Spaghetti Bolognese is my go to comfort food, even if it bears little if any resemblance to its Italian ancestor!  Like most of my favourite dishes it started off as a hand-me-down recipe from Mum, and over the years I’ve added to it, and taken away from it (pancetta, I’m looking at you!), until it’s settled down to this recipe.

In an ideal world, make it the day before and let it develop overnight.  But it’s such a mood thing for me that I usually cook it and eat it the same night, and it tastes just fine.  Also freezes really well for another day.

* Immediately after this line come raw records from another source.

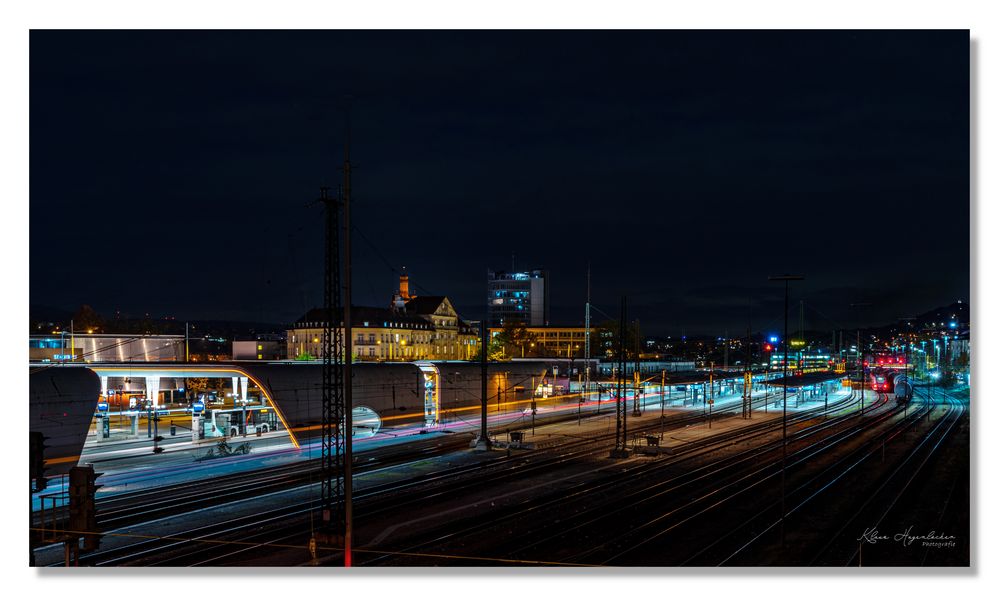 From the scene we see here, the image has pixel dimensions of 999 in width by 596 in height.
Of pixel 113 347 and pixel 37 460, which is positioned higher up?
pixel 37 460

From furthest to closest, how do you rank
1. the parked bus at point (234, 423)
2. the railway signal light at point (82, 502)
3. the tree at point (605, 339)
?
the tree at point (605, 339) < the parked bus at point (234, 423) < the railway signal light at point (82, 502)

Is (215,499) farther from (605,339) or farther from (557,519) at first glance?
(605,339)

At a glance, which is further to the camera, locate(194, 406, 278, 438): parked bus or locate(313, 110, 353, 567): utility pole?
locate(194, 406, 278, 438): parked bus

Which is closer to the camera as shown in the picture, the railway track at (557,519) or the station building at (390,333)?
the railway track at (557,519)

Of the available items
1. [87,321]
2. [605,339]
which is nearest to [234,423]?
[87,321]

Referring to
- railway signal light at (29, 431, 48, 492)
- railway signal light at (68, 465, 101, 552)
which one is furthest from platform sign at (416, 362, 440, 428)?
railway signal light at (29, 431, 48, 492)

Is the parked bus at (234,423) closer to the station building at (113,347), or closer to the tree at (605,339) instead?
the station building at (113,347)

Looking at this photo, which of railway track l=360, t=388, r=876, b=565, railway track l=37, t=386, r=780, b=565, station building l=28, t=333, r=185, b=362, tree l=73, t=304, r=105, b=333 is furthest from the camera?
tree l=73, t=304, r=105, b=333

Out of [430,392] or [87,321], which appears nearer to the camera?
[430,392]

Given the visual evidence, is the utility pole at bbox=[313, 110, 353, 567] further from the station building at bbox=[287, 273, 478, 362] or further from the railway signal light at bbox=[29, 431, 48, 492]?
the station building at bbox=[287, 273, 478, 362]

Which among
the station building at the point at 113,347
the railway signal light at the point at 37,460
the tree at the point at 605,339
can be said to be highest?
the railway signal light at the point at 37,460

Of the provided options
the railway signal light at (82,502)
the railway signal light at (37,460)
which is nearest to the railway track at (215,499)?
the railway signal light at (82,502)

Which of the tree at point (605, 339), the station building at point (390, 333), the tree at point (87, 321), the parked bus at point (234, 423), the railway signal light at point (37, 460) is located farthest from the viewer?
the tree at point (605, 339)

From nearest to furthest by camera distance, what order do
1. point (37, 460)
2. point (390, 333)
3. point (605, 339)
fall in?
point (37, 460), point (390, 333), point (605, 339) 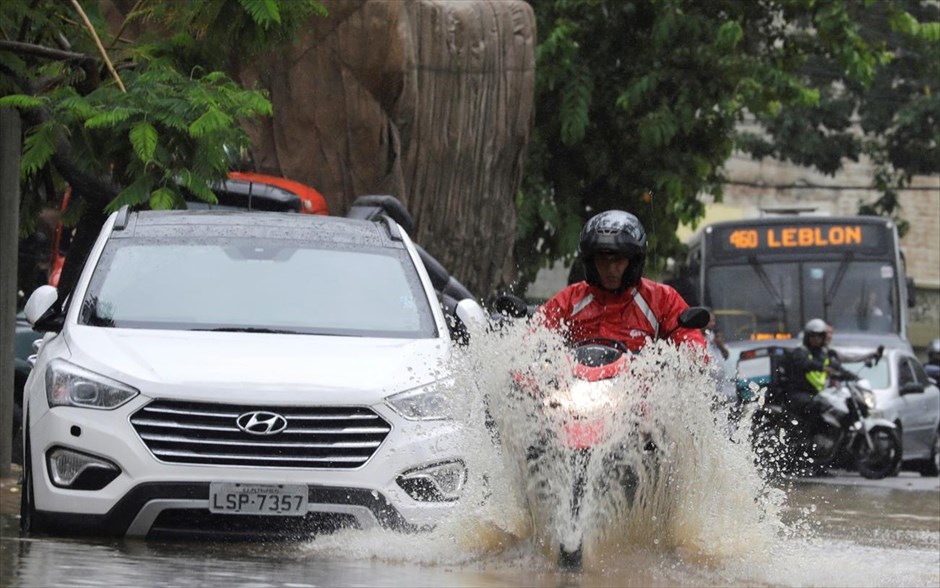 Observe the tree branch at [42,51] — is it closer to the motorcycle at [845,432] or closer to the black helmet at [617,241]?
the black helmet at [617,241]

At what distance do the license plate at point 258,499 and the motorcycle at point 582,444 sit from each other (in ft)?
3.03

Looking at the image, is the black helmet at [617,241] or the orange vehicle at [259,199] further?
the orange vehicle at [259,199]

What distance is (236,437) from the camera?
8.29m

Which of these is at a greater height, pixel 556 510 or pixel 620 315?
pixel 620 315

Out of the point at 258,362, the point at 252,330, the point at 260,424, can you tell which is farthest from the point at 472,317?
the point at 260,424

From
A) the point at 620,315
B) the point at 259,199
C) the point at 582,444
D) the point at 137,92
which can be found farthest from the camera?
the point at 259,199

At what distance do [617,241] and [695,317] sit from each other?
45 centimetres

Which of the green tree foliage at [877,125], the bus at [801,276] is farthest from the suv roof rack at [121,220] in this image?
the green tree foliage at [877,125]

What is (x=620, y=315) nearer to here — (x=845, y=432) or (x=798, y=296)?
(x=845, y=432)

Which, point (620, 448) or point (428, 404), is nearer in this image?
point (620, 448)

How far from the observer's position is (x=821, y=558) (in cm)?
993

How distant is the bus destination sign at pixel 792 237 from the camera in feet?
93.0

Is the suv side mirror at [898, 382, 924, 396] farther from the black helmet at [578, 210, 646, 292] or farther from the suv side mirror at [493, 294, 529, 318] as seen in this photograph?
the suv side mirror at [493, 294, 529, 318]

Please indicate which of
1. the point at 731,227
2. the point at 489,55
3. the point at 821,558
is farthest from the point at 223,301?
the point at 731,227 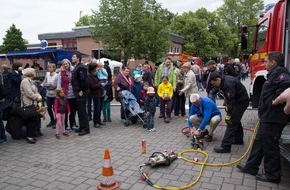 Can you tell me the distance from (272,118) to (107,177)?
245cm

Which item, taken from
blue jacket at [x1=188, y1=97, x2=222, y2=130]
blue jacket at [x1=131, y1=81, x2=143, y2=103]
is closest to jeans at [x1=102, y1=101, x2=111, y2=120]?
blue jacket at [x1=131, y1=81, x2=143, y2=103]

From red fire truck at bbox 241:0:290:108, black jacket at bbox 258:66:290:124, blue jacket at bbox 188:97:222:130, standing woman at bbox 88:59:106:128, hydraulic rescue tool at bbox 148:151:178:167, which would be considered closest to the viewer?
black jacket at bbox 258:66:290:124

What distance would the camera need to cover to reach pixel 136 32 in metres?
21.3

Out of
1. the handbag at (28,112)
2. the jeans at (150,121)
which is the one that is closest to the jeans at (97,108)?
the jeans at (150,121)

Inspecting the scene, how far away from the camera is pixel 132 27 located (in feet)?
69.6

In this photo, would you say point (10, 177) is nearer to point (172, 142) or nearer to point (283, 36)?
point (172, 142)

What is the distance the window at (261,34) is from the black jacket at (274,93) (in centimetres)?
322

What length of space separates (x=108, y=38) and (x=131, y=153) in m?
17.1

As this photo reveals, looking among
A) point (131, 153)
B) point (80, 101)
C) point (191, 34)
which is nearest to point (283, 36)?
point (131, 153)

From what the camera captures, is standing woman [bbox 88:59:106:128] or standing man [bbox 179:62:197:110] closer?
standing woman [bbox 88:59:106:128]

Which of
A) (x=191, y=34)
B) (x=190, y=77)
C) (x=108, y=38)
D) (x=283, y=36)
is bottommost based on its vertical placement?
(x=190, y=77)

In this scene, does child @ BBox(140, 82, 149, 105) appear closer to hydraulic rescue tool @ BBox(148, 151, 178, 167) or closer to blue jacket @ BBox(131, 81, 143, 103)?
blue jacket @ BBox(131, 81, 143, 103)

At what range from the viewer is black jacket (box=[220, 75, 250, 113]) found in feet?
17.8

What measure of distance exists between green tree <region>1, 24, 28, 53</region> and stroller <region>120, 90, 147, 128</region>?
39.2m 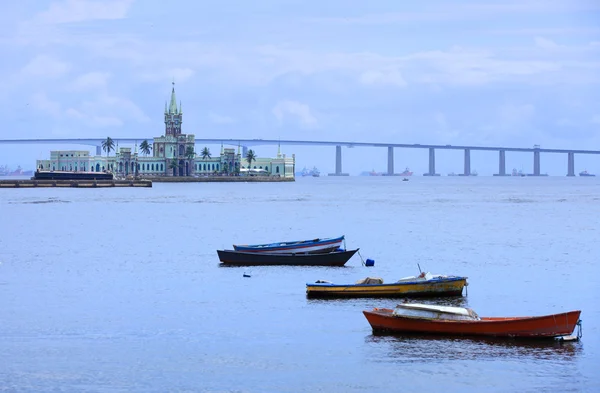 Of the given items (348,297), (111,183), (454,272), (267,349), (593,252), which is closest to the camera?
(267,349)

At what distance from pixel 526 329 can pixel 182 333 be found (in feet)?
30.7

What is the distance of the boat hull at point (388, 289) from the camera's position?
3331 centimetres

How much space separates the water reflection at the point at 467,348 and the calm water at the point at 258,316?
53mm

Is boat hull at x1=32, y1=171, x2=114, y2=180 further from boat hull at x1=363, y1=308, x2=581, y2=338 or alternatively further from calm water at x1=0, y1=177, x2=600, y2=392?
boat hull at x1=363, y1=308, x2=581, y2=338

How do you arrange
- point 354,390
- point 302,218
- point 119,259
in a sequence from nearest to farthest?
point 354,390 → point 119,259 → point 302,218

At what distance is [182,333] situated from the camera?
1117 inches

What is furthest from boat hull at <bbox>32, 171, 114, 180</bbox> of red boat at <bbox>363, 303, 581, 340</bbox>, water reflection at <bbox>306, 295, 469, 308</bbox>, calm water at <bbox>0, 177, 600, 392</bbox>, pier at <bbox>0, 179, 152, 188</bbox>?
red boat at <bbox>363, 303, 581, 340</bbox>

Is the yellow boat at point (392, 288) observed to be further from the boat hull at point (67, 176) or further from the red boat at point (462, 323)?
the boat hull at point (67, 176)

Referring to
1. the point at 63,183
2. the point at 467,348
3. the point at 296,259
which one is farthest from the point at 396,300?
the point at 63,183

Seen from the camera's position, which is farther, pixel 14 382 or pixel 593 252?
pixel 593 252

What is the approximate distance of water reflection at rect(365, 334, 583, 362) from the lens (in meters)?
25.4

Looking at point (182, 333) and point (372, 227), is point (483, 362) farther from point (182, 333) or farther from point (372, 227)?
point (372, 227)

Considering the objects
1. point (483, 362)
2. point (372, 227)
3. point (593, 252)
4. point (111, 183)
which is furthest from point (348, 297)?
point (111, 183)

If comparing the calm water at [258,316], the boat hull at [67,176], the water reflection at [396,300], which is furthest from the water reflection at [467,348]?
the boat hull at [67,176] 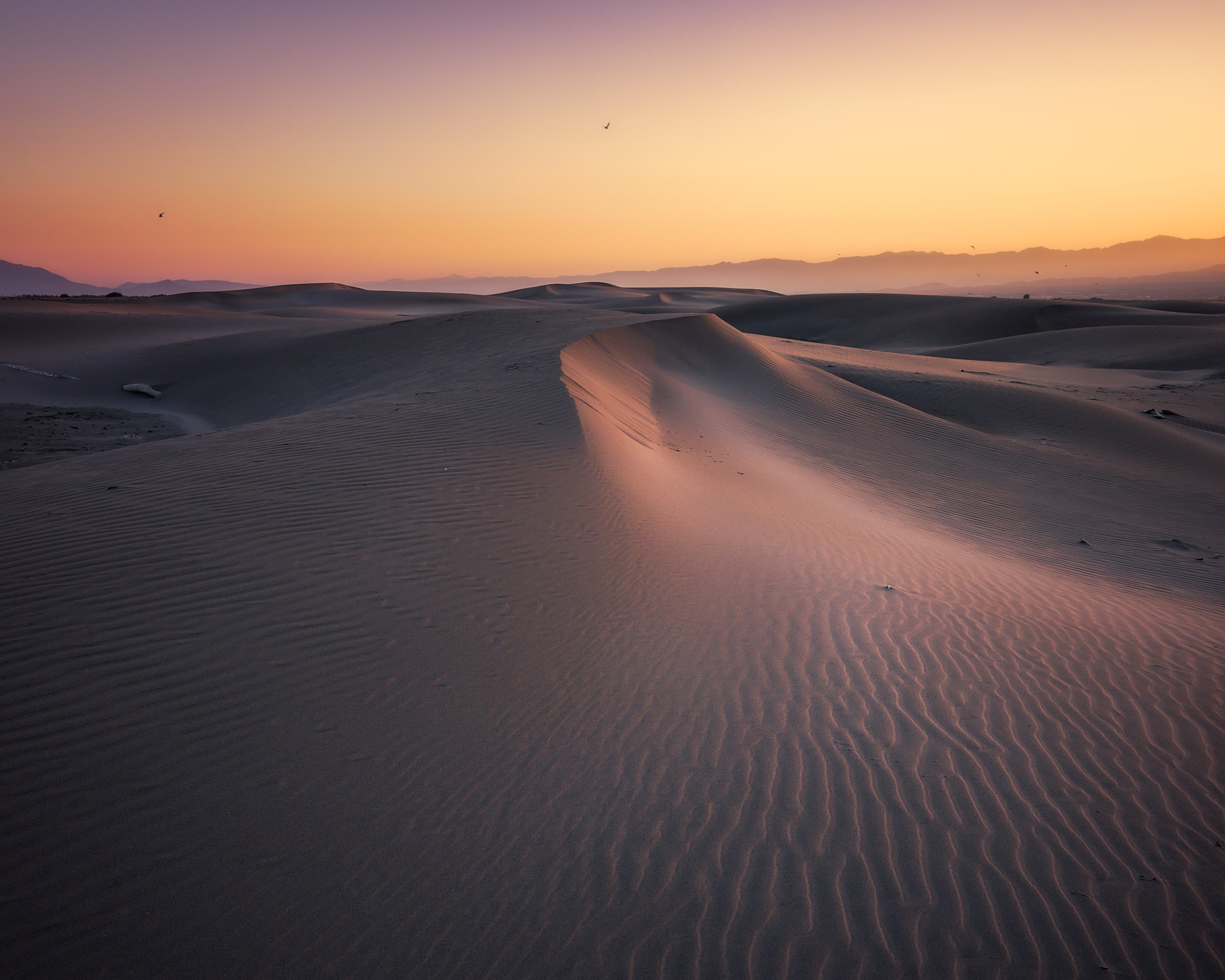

So if you’re ever looking for a hug in a bowl, allow me to heartily recommend this 🙂

Slow-Cooked Spag Bol
Serves 4
My take on a classic British favourite, and my first go to dish when I need comfort in a bowl.
Write a review
Cook Time
2 min
Cook Time
2 min
You’ll need
  1. 500g mince beef
  2. 1 medium white onion, diced
  3. 2-3 cloves of garlic, minced
  4. 1 pack of chestnut mushrooms, diced
  5. 1 can of tomatoes
  6. 2 tbsp tomato purée
  7. 1 beef stock cube / pot
  8. 2-3 bay leaves
  9. Small glass or mug of milk
  10. Worcestershire sauce
  11. Balsamic vinegar
  12. Olive oil for cooking
  13. Spaghetti
  14. Optional extras: Parmesan cheese, Tobasco
Prep to do before you start cooking
  1. Dice the onions and mushrooms, and mince the garlic. Simples!
  1. Heat some oil in the pot and cook off the onions and garlic on a medium heat until the onions start to look transparent.
  2. Add the mushrooms (you might need to add a little more oil if it starts to get a bit dry) and once they've cooked down too, remove the lot to a bowl.
  3. In the same pot, brown the mince. I find the best way is to push the mince down until it covers the entire base of the pan with no gaps, this helps it to brown rather than broil. Once one side is browned, flip the mince over to cook off the other side.
  4. Turn the heat up to high and tip in the milk, and keep the heat up until the milk has all soaked in to the mince (the milk really helps to tenderise the mince).
  5. Turn the heat back down to medium and squeeze in about half a tube of tomato purée. Stir it all in before adding the onions, garlic and mushrooms back into the pot.
  6. Then, add the can of tomatoes and the stock cube and give it all a good stir. (fifi's top tip - If your canned tomatoes are whole I recommend draining the tomato juice into the pot first, then take a tomato and holding it over the pot squish hard in your hand and drop whatever is left into the sauce. Repeat until all the tomatoes are squished, it's almost as satisfying as popping bubble wrap!! Be warned, though, as the tomatoes do have a tendency to kick back and end up on your clothes if you squish too hard.)
  7. If there’s not a lot of liquid then add some water, about 1/3rd of the empty can of tomatoes.
  8. Season! Salt and pepper, bay leaves, a splash of balsamic vinegar (the sweetness cuts the tinniness that you sometimes get with tomatoes), and a dash (or ten!) of Worcestershire sauce. This last is really a personal taste thing. Me, I like LOADS of Worcestershire sauce so there’s no such thing as too much of it, but it’s easier to add more than remove what you've put in, so start with a little and taste it and work up to the perfect amount of dash for you.
  9. Once it’s all bubbling away, turn the heat right down to the lowest setting and put a lid on it for 1.5 hours, stirring and tasting to check the seasoning every half hour or so.
  10. Take the lid off for the last 30 minutes. If it starts to look a bit dry then add a little hot water. If it looks too wet then turn the heat up a little.
  11. Serve on spaghetti with a generous grating of parmesan. And if you like a little heat in your food, try adding a couple of dashes of Tobasco to the spaghetti. I’m sure it’s the last thing an Italian would add to their ragu, but I’ve been Tobasco-ing mine since I was a kid and couldn't eat Spag Bol now without the hot red stuff!